L'Oréal Taiwan received fines totaling NT$2.67 million (US$86,300) last year, according to a statement released by the Taipei Department of Health on Monday.

Of its cosmetics, the most heavily fined products were the "Absolue Precious Cells Silky Cream" under the brand name Lancôme, and the "Tsuya" skincare series under the Shu Uemura brand name, said Wang Ming-li (王明理), head of the department's Food and Drug Division.

The Absolue Precious Cells Silky Cream was fined for claims that it has been certified by the British Ministry of Defense as a product able to repair damaged skin swiftly and has helped millions of people on battlefields, Wang explained.
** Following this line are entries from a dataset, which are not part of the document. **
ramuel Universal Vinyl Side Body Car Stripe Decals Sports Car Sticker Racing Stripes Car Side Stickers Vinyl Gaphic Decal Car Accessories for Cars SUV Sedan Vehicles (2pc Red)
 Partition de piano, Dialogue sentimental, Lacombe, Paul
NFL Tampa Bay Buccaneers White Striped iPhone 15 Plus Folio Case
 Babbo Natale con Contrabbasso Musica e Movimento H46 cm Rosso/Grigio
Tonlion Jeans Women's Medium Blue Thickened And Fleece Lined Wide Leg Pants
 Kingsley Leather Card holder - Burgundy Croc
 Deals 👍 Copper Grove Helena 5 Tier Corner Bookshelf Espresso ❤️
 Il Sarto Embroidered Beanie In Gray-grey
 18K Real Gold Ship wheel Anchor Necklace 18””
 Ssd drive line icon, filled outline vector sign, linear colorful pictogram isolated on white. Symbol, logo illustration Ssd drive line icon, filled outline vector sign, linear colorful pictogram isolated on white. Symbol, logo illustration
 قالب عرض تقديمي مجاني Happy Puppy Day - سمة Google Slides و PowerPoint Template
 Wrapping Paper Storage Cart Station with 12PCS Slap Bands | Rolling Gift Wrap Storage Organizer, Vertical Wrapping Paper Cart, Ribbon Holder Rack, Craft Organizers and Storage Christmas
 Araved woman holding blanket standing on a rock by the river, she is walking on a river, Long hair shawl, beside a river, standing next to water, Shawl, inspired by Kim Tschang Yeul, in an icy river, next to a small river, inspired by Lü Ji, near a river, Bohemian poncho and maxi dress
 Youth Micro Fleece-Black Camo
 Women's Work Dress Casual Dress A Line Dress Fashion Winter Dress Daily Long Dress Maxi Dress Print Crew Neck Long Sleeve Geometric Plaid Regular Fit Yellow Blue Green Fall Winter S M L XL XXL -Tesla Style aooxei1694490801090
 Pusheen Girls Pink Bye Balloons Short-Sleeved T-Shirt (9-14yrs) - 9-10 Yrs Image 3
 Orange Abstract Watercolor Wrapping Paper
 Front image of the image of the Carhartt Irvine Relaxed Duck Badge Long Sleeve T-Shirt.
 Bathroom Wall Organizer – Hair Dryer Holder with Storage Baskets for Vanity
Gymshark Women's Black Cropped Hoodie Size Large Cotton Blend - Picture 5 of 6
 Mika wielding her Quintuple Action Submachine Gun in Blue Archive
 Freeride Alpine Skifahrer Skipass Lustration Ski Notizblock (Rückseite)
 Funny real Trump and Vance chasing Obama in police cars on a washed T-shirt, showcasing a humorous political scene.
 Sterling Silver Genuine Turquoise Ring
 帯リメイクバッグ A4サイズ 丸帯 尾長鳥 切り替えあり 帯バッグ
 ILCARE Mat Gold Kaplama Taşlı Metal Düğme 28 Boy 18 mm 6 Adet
As for the Shu Uemura Tsuya series, it is claimed to be able to "vitalize cells, resist inflammation, repair damaged skin, protect skin from air pollution and help heal wounds," which Wang said are all false or exaggerated advertising and violate the Statute for Control of Cosmetic Hygiene.

Under the statute, each violation is subject to a fine of up to NT$50,000.

L'Oréal Taiwan, Estée Lauder and Amorepacific were the top three companies on the list of those fined for irregular advertising during the city government's inspections of cosmetics, food products, and medicines/healthcare products last year.

The city Department of Health wrote a total of 841 tickets during the inspections, with the amount of fines reaching NT$55.18 million, the statement said.

Among the tickets, 529 (62.9 percent) were slapped on cosmetics, with fines totaling NT$25.92 million. They were followed by 278 (33.06 percent) on food products at NT$20.5 million, and 34 (4.04 percent) on medicines/healthcare products at NT$8.76 million.